Überschallfliegen in den 2030er Jahren soll und darf die Umwelt weit weniger belasten, als es die Concorde tat. So streben die Overture-Erbauer eine Lärmreduktion beim Start um den Fak-tor 30 gegenüber den Werten der Concorde an. Gleichzeitig sollen die Triebwerkseigenentwicklungen mit Namen Symphony zu 100 Prozent mit nachhaltigem Treibstoff laufen. Ein Ticket soll nicht teurer sein als ein heutiger Business-Class-Flug auf vergleichbarer Strecke. Gut 80 Jahre nach dem ersten Überschallflug eines Menschen könnte damit eine neue Ära des Reisens im Überschalltempo beginnen.
Die Kennzahl der Schallgeschwindigkeit
Eine Flug-Geschwindigkeit, die höher als die Ausbreitung von Schallwellen ist, entzieht sich der üblichen Messung. Zumal es keinen festen Wert in km/h gibt, ab dem man von Überschalltempo sprechen könnte. In der Flugphysik hat man sich deshalb schon frühzeitig dimensionslos gemacht und (Über-) Schallgeschwindigkeit nach ihrem österreichischen Entdecker, dem Physiker Professor Ernst Mach (1838-1916) benannt. Danach ist die Einheit für einfache Schallgeschwindigkeit Mach 1, alles darüber hinaus bewegt sich mit Überschalltempo. Flugzeuge werden auf Mach-Werte ausgelegt, nicht auf bestimmte km/h-Zahlen. Verkehrsflugzeuge erreichen heutzutage im Reiseflug üblicherweise etwa Mach 0,82 bis 0,87. Mach 0,85 für den Airbus A380 entspricht auf einer Reiseflughöhe von 11.000 Metern genau 903 km/h, auf Meereshöhe läge diese 0,85-fache Schallgeschwindigkeit in km/h jedoch viel höher. Nur ist in diesen tieferen Luftschichten die Atmosphäre viel dichter und damit der Luftwiderstand um einiges größer, dass dort kein Passagierflugzeug derart schnell fliegen würde.

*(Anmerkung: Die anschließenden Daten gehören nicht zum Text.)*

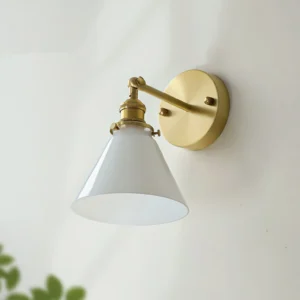 Mid-century modern Portland wall sconce mounted indoors with green foliage backdrop, side three-quarter angle view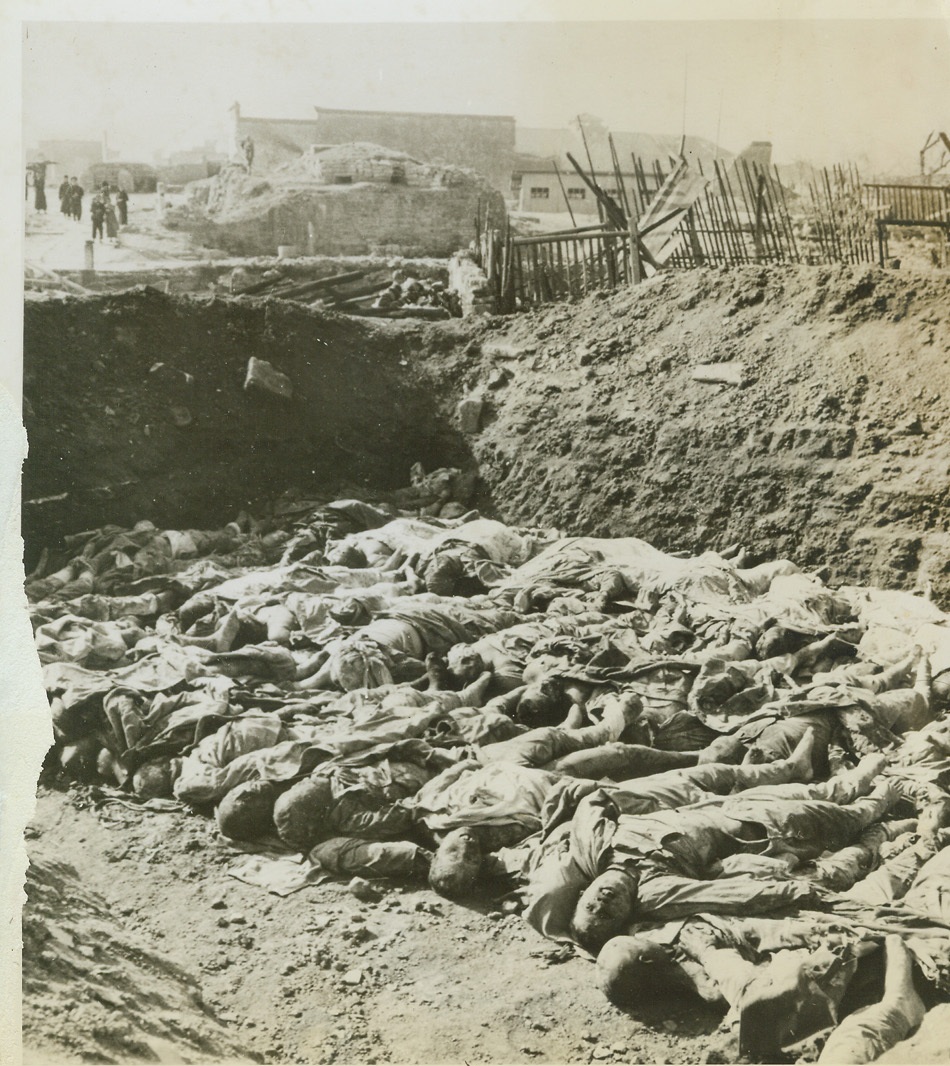 These are the Dead, 1/29/1944. Changteh, China – Chinese soldiers, in open combat, are giving their answer to Japan’s barbarity. This is a common grave for Jap soldiers, dug by the Chinese, on the battlefield at Changteh, where the sons of China routed their enemies on December 3rd. Taken by the Chinese Ministry of Information, this is one of the first photos of Changteh battle scenes to be released. Credit: (ACME);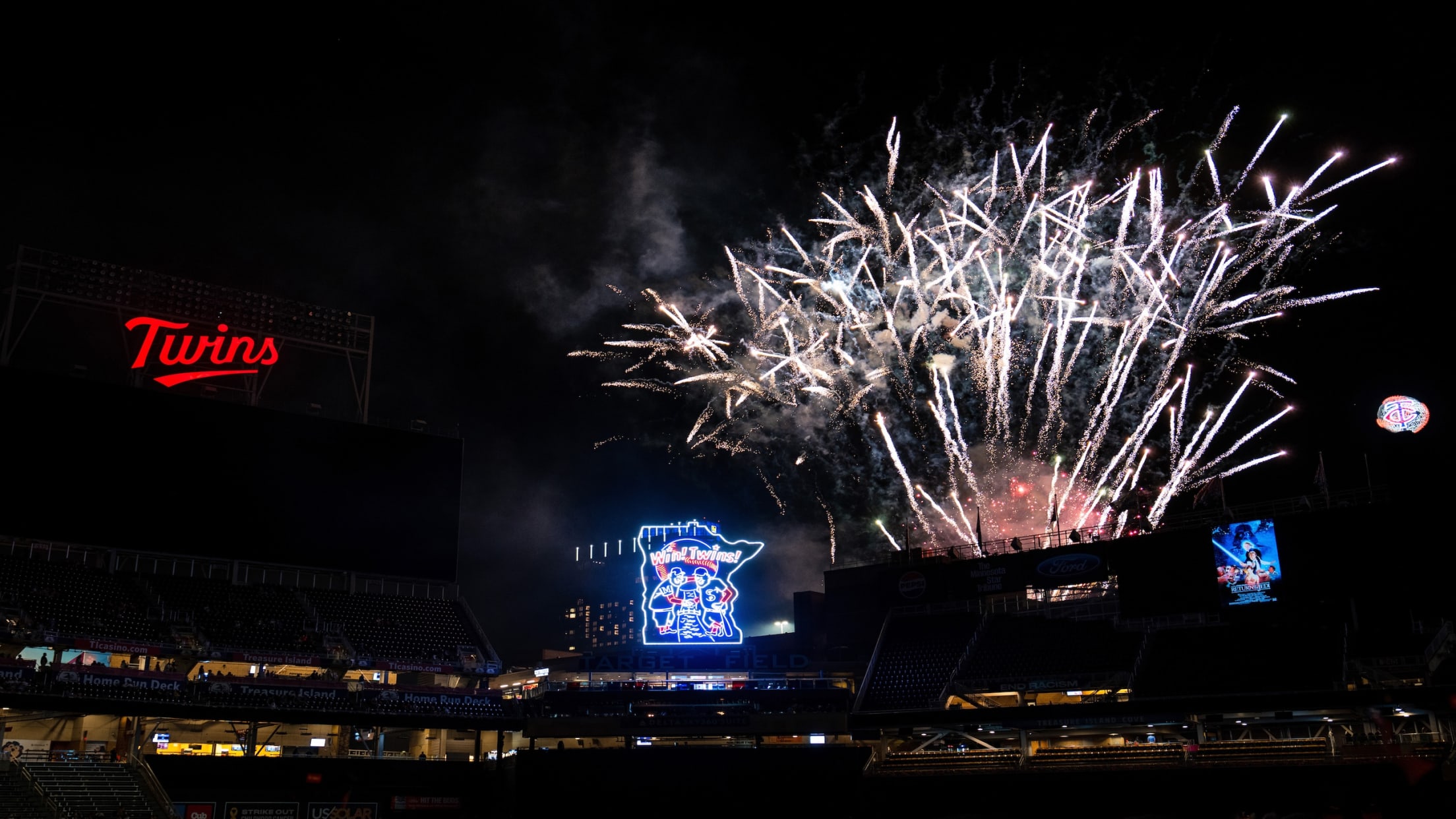 Fireworks exploding during postgame fireworks show at Target Field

Denn wie nahe Flugzeuge der Schallgrenze kommen, wird von äußeren Faktoren am jeweiligen Ort bestimmt. Und zwar vom Verhältnis der spezifischen Wärme, der spezifischen Gaskonstante und der thermodynamischen Temperatur der Luft. Bei trockener Luft und einer Temperatur von 15°C liegt die Schallgeschwindigkeit bei 1.225 km/h. Oberhalb von 11.000 Metern Flughöhe und wegen der dort herrschenden Kälte beträgt sie bei minus 56°C dagegen nur 1.062 km/h.

©Andreas Spaeth
Lauter Knall: Der Überschallknall (hier rot) folgt dem Flugzeug wie eine Schleppe am Boden. Ein Jet der oberhalb von Mach 1 fliegt, zieht diese Schleppe so lange mit sich, wie der Überschallflug andauert.

©US Navy
Schallmauer-Wand: Wenn wie hier Feuchtigkeit innerhalb von Schockwellen gefangen ist, wird die Schallmauer sichtbar. Man spricht dabei vom „Wolkenscheiben-Effekt“.